## RECORD EXTRACTS

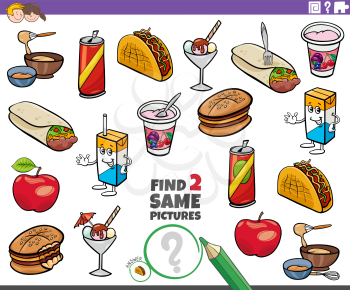 Cartoon Illustration of Finding Two Same Pictures Educational Task for Children with Food Objects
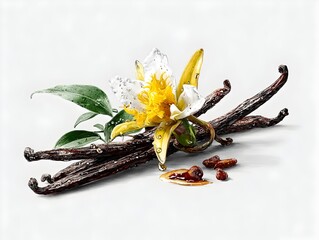 A vibrant vanilla flower with brown vanilla beans and leaves is artfully displayed on a bright white background.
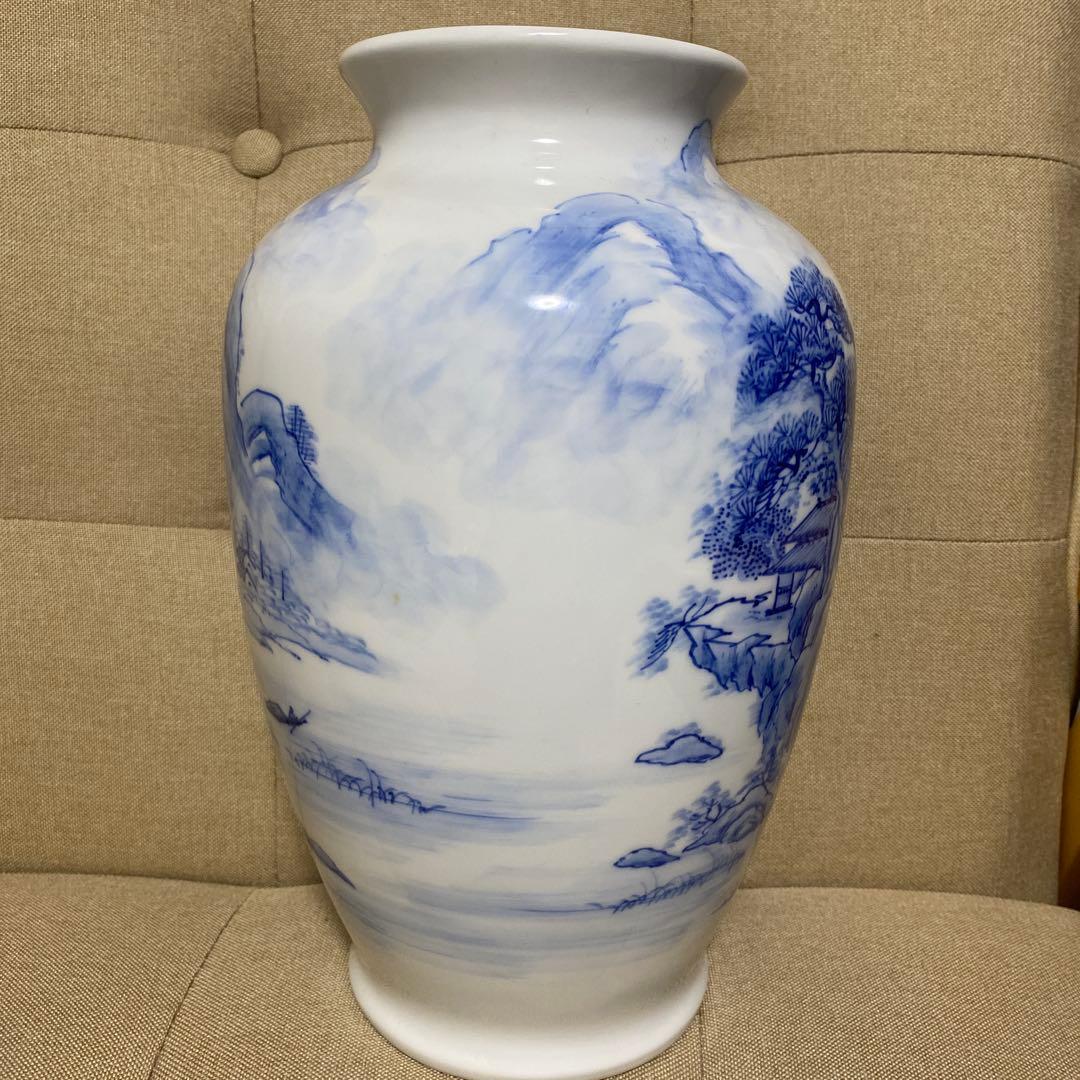 青白磁 景色画 花瓶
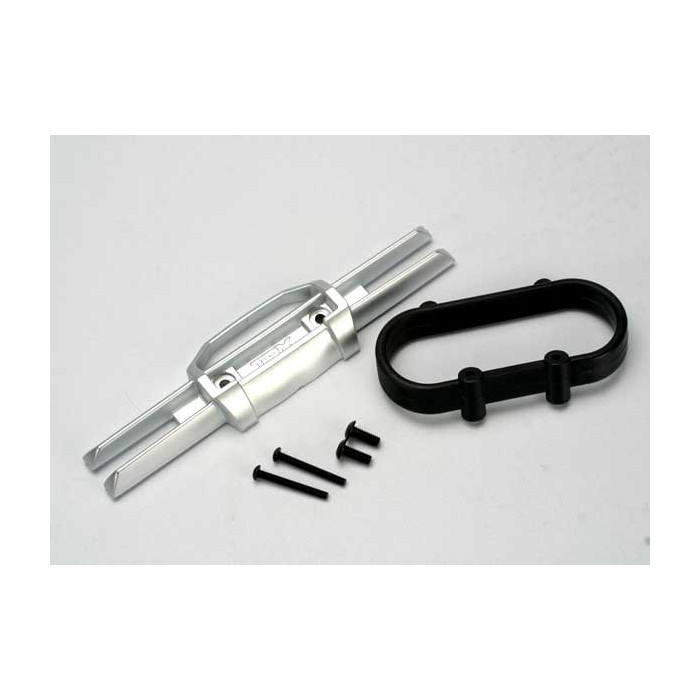 Traxxas Rear Bumper Satin Chrome with Mount & Screws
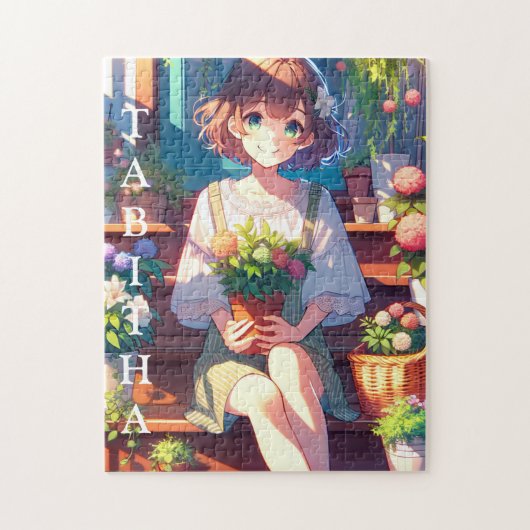 Niedliche Anime Girl mit einer Personalisierten Pf Puzzle (Vertikal)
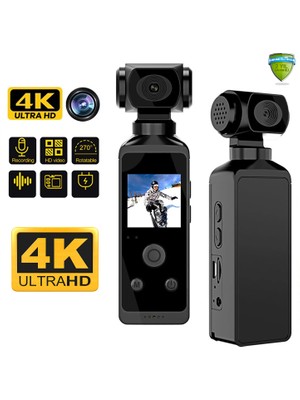 Robeve 4K Ultra Hd Aksiyon Kamerası – 270° Geniş Açı - Döner Klips - Su Geçirmez Kılıf - Wifi Kamera - Mikrofon - Micro Sd Uyumlu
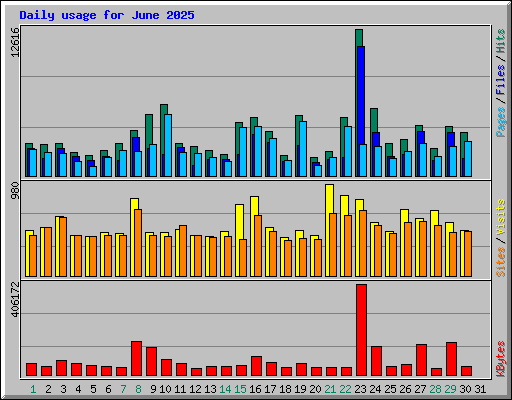 Daily usage for June 2025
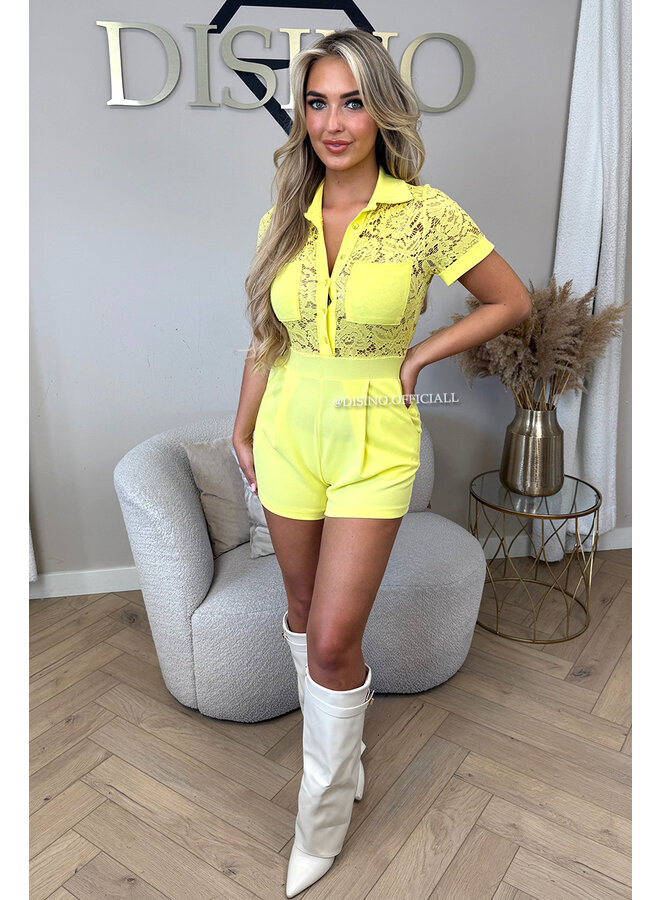 YELLOW - 'CYRA' - LACE STRETCH PLAYSUIT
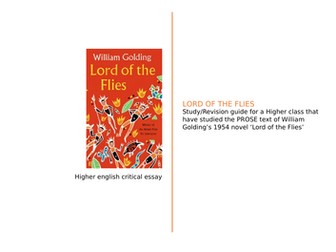 Higher Critical Essay Revision "Lord of the Flies"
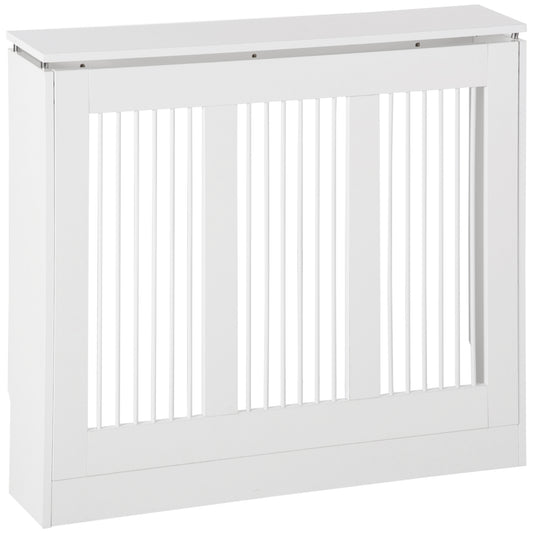 HOMCOM Radiator Cover Vertical Slatted Grille Heater Cover Top Shelf MDF Steel for Heat Circulation 90 x 18 x 84 cm White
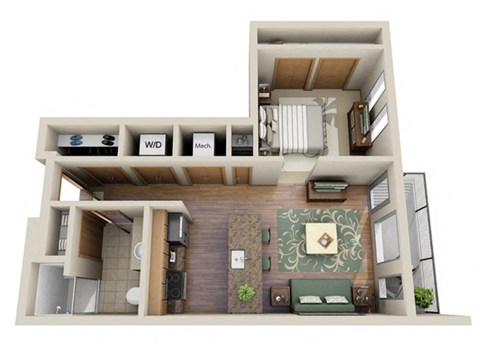 a floor plan of a 1 bedroom apartment with a bathroom and a balcony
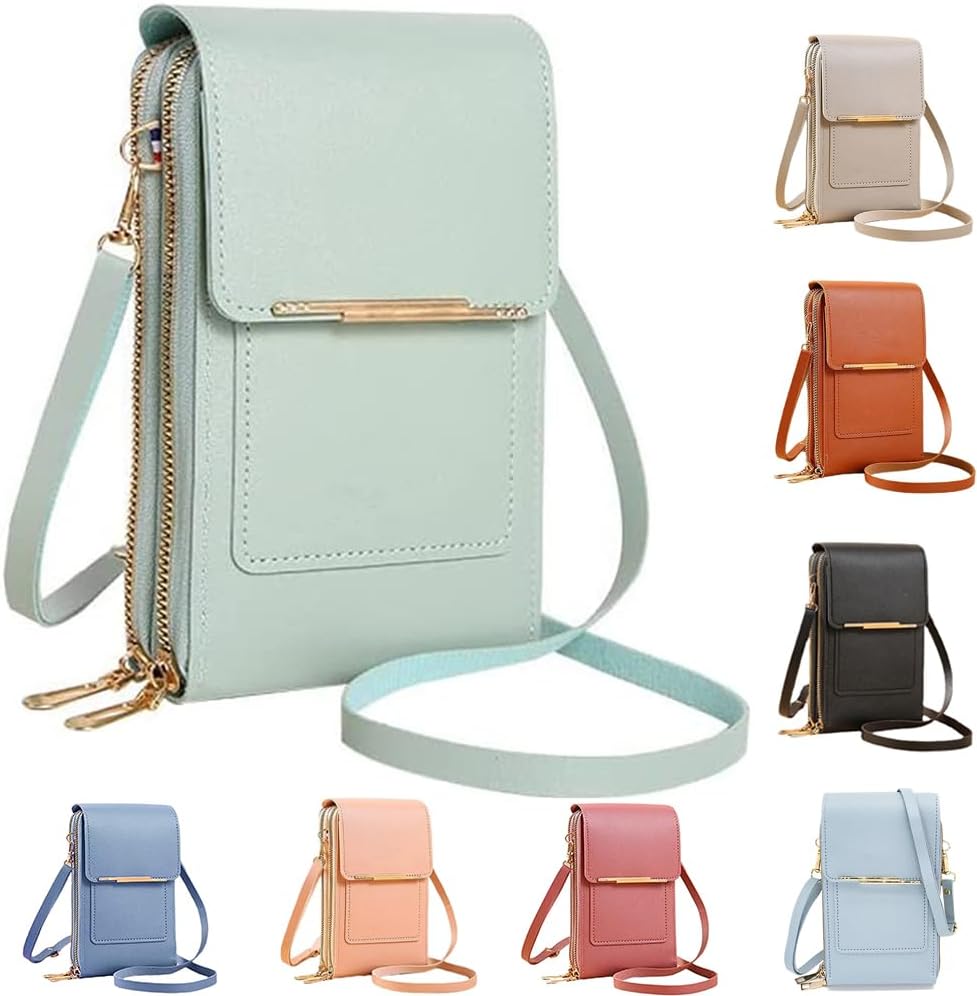 Anti-Theft Leather Bag,Small Crossbody Cell Phone Purse Wallet for Women,RFID Block Phone Purse Crossbody with Shoulder Strap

## WHAT YOU WILL DO
Set down the material exactly, every line of it, except for the pictures.

## SOLUTION
 Cartoon Illustration of Finding Two Same Pictures Educational Task for Children with Food Objects
 A vibrant vanilla flower with brown vanilla beans and leaves is artfully displayed on a bright white background.
 青白磁 景色画 花瓶
 Traxxas Rear Bumper Satin Chrome with Mount & Screws
 Niedliche Anime Girl mit einer Personalisierten Pf Puzzle (Vertikal)
 Robeve 4K Ultra Hd Aksiyon Kamerası – 270° Geniş Açı - Döner Klips - Su Geçirmez Kılıf - Wifi Kamera - Mikrofon - Micro Sd Uyumlu
 Daily usage for June 2025
 YELLOW - 'CYRA' - LACE STRETCH PLAYSUIT
 Higher Critical Essay Revision "Lord of the Flies"
 HOMCOM Radiator Cover Vertical Slatted Grille Heater Cover Top Shelf MDF Steel for Heat Circulation 90 x 18 x 84 cm White
 a floor plan of a 1 bedroom apartment with a bathroom and a balcony
 Anti-Theft Leather Bag,Small Crossbody Cell Phone Purse Wallet for Women,RFID Block Phone Purse Crossbody with Shoulder Strap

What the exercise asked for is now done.